WELL LET ME TELL YOU. Crowley’s infuriatingly picky about his clothes. Much as he teases Aziraphale for being tacky and stuck in the past, he’s still wearing the same suit jacket and waistcoat he did in ‘08 and he’s got exactly two shirts in rotation, one of them a turtleneck he only wears when he wants to ~mix things up~ Even Muriel’s got a more diverse wardrobe than he does.
So yes, it’s a gorgeous dark-red button down from the fanciest-pantsiest clothier in Londontown. It pairs well with everything he has and has the added benefit of being from the current decade. And I know it’s a color that looks good on him because it’s the exact same shade he wore as Ashtoreth.
At that point it was time for Crowley and I to unveil our gift. Now, attentive readers will recall that I said I had the “art commission of a lifetime” a couple months back. This was the “commission”: an all-new portrait of Crowley, the first time he’s sat for one since Alexandre Cabanel – but in this one he appears as himself, not an exaggerated and idealized vision of Satan.
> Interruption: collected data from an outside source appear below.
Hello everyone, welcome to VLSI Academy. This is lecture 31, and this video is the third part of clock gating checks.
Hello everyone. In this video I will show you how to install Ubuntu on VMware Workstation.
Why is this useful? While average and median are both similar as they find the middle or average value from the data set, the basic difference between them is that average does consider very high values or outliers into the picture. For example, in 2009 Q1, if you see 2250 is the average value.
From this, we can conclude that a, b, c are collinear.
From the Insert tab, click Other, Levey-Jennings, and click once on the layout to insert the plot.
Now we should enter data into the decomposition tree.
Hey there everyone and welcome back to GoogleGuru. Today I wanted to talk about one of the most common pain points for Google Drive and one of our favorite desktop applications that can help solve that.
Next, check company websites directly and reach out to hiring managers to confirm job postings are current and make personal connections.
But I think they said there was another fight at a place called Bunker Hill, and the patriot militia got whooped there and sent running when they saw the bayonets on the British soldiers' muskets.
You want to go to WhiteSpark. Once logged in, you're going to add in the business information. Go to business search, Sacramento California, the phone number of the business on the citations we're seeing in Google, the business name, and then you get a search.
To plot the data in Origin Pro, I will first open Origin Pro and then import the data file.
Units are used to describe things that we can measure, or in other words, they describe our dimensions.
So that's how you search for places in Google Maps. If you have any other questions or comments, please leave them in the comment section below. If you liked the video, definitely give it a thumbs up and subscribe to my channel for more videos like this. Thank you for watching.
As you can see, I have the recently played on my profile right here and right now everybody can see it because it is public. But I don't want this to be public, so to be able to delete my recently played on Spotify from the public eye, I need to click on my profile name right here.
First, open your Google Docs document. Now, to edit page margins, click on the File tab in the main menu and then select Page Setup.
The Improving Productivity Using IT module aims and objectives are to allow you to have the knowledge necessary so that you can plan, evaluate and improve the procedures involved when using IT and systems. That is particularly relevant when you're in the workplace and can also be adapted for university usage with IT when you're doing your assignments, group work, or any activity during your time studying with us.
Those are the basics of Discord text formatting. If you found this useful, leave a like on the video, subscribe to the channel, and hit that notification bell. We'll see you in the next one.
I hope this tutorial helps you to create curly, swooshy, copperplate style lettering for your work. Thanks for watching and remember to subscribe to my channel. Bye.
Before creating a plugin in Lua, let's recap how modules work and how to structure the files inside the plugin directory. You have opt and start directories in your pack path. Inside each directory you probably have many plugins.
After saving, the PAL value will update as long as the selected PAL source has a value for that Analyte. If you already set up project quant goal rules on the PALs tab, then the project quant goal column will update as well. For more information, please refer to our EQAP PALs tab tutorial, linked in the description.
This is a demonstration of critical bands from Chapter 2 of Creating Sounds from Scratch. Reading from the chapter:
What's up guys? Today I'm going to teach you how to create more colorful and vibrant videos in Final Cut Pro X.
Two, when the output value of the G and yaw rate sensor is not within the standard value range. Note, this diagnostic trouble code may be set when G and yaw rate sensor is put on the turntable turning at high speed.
He is depicted reclining in bed with his wings spread beneath him and wearing nothing but a tasteful bit of red silk between his legs for “modesty.”
If you think being charged to paint something like this would give me a heart attack, well, you’re not far off. I wish I was able to share updates while I was working on it, but Aziraphale would have found out right away. Somewhere on a server somewhere sits a load of unpublished draft entries about the whole experience, but for a variety of reasons they are not going to see the light of day. Ever.
Anyway, Aziraphale was overwhelmed. He hugged me and told me he loved it, crying with happiness for reasons far beyond the portrait itself.
Muriel took one look at it and said, “Oh! Mister Crowley’s in another pornography!”
I think all three of us blushed from that one TTATT
Then we all got drunk and watched Lars von Trier’s Antichrist, which was a terrible mistake for all concerned. Happy Christmas, readers!